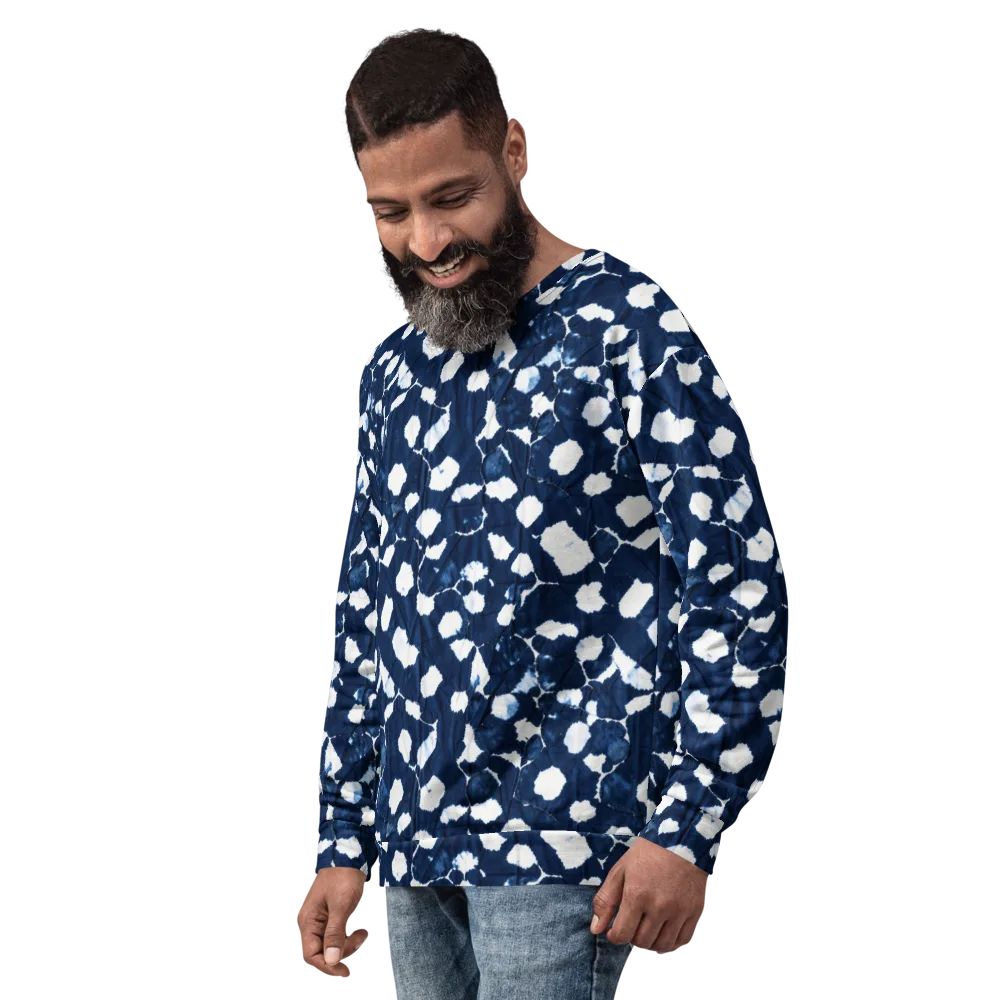 Shibori Midnight on Sweatshirt — Left Front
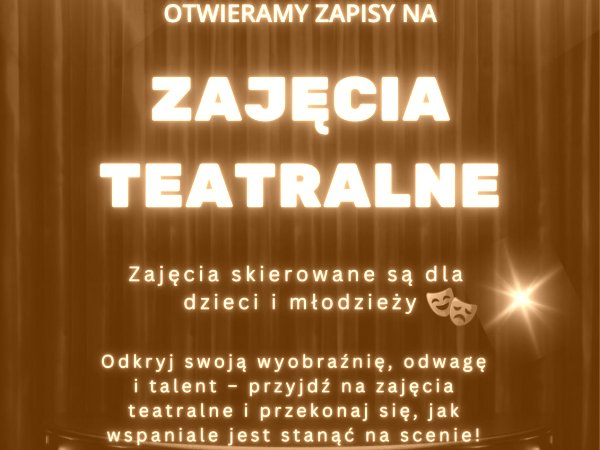 Zajęcia teatralne dla dzieci i młodzieży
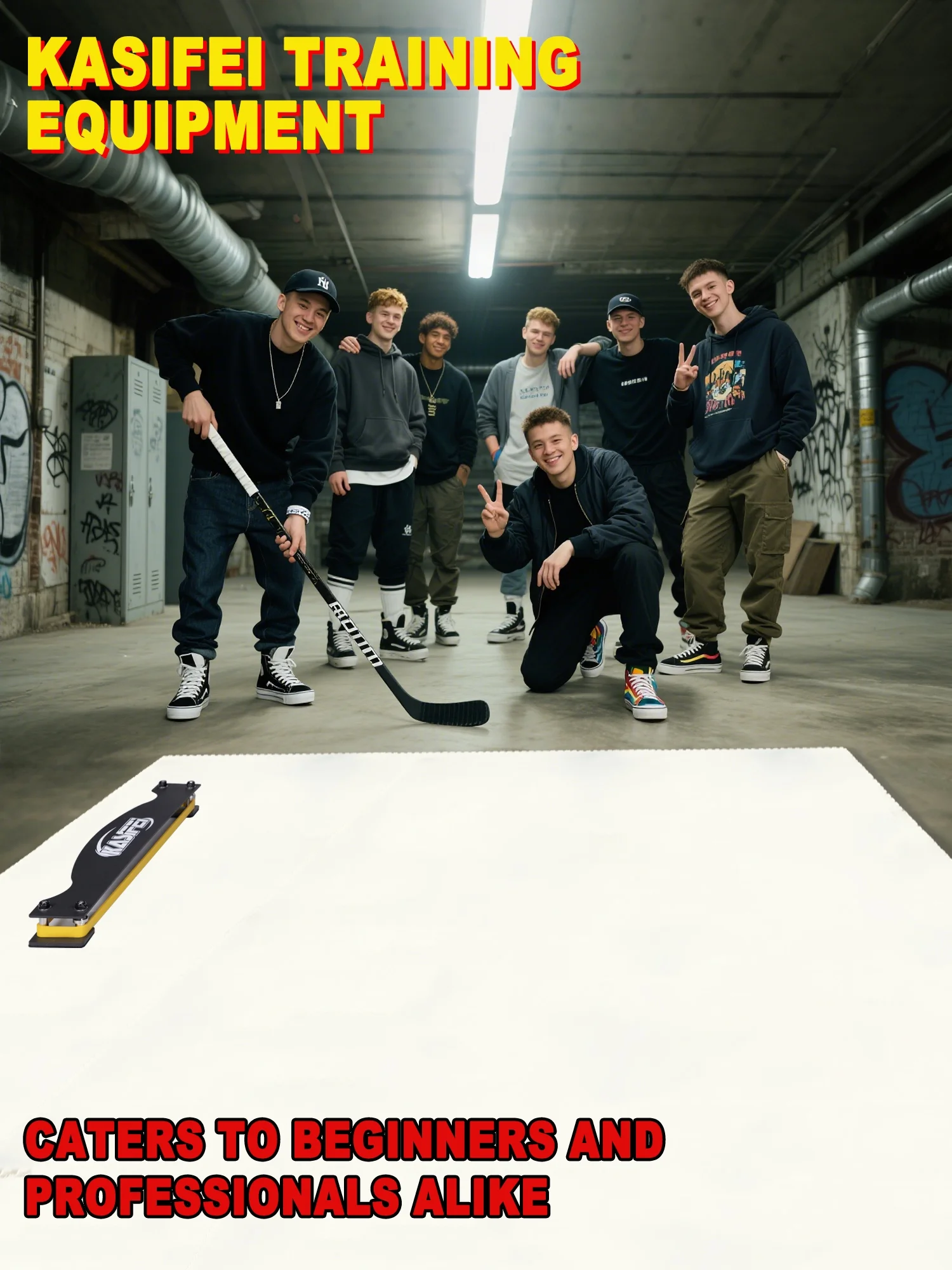 Hockey Synthetic Ice Tiles, 12 Pack 18" x 18" Hockey Flooring Tiles, Expandable Hockey Training Surface, Easy to Assemble - Image 7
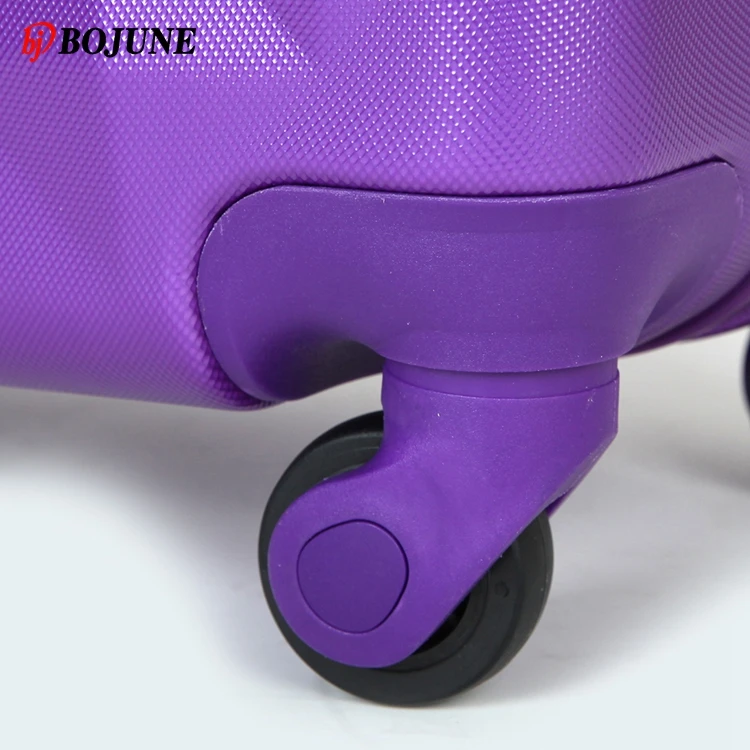 Adjustable Telescopic Handle Suitcase Bag Customized Trolley Bag Luggage Light Weight Luxury Purple Travel Luggage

──────

• [Goal of the exercise] Print out the whole of the material word for word, without pictures.

• [Reply to the task]
 Shibori Midnight on Sweatshirt — Left Front
 Zajęcia teatralne dla dzieci i młodzieży
 Hockey Synthetic Ice Tiles, 12 Pack 18" x 18" Hockey Flooring Tiles, Expandable Hockey Training Surface, Easy to Assemble - Image 7
 Adjustable Telescopic Handle Suitcase Bag Customized Trolley Bag Luggage Light Weight Luxury Purple Travel Luggage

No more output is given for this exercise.